LTC had just instituted a strict resource allocation process for IT projects. Each project had to be justified in terms of return on investment based on financial analysis and passed by a committee of representatives of the various branches of the business. On the face of things this is a very straightforwards process but LTV was almost wrecked here.
The first issue was that customer value was a substantial change from the way LTC thought about customers. LTC had been committed to maintaining all their customers and fighting attrition (customers leaving the company) across the board. The idea that some customers were more valuable than others, and in fact some customers cost LTC more than their were worth, was a foreign concept. Because LTV represented a new way of thinking about the business the LTV project could not be valued in the attrition-based results metrics that were approved for use.
The second issue is that the IT project approving committee was composed of representatives from a broad spectrum of departments in LTC. In theory this was to ensure that the projects that were approved would be useful to the entire company.
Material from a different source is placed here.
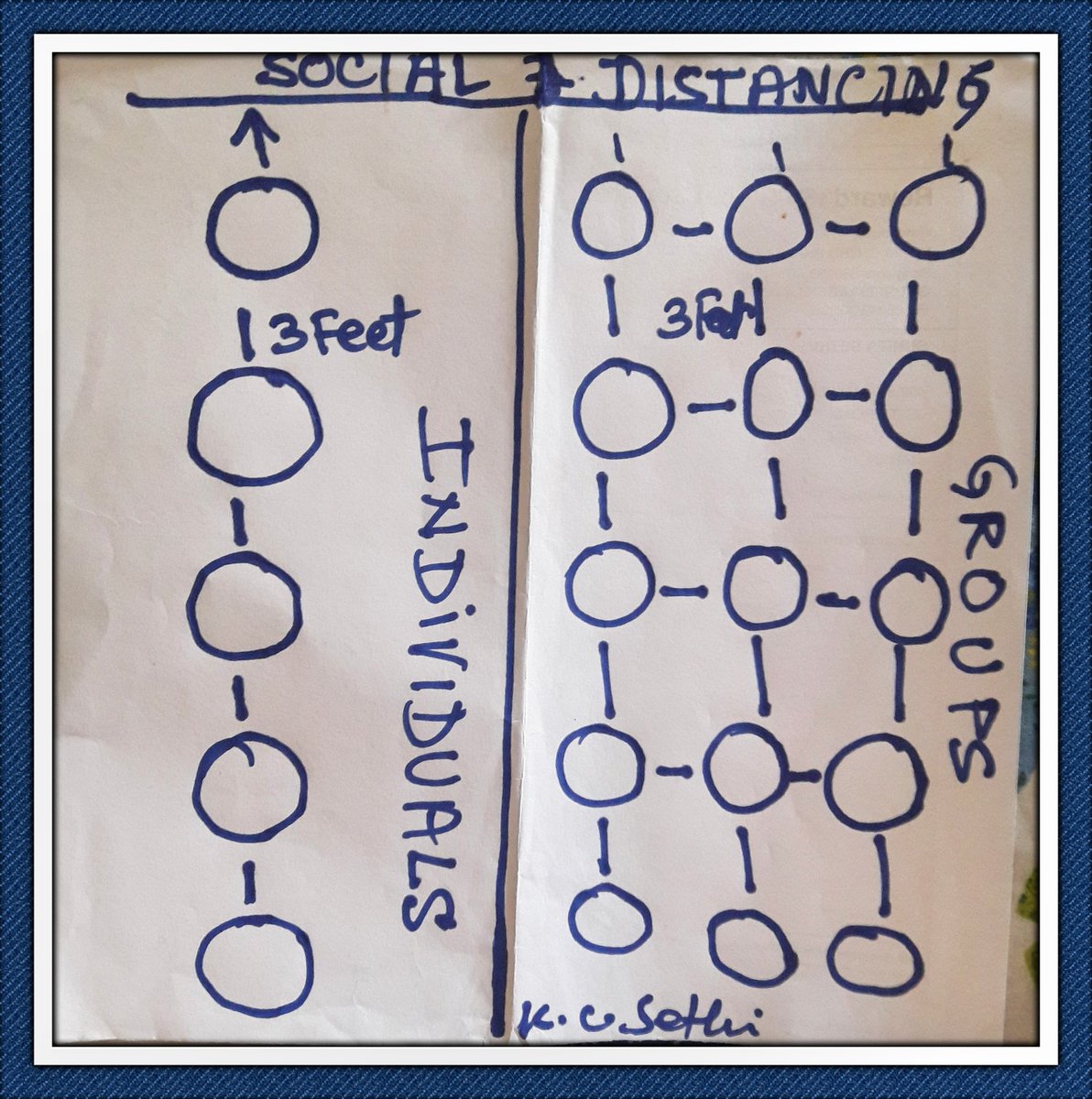 KcSethikc's tweet photo. @NarinderModi2 
Social distance circles can be made before the shops /atm/bank /offices to avoid spread of virus https://t.co/QEvGGb3BWM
In practice, projects were decided on by committee members that had no IT experience, no experience in the processes of other departments, and not enough time to truly research the issues they were being asked to decide on. What happened was that projects got decided by corporate politics: the person reputation of the executive champion.
It was in getting our initial approval that our executive champion (EC) shone. Our EC had a considerable reputation within the company. It terms of making the ROI cutoff, what we did was to figure out the attrition gain necessary to make the cutoff and the EC promised to delivery that gain. We knew that the LTV system wasn't targeted at reducing attrition per se, but we also knew that if the project was at all successful getting approval after the fact would not be an issue.
The long approval process did have a substantial benefit: the series of meetings made most of the company aware of the LTV project.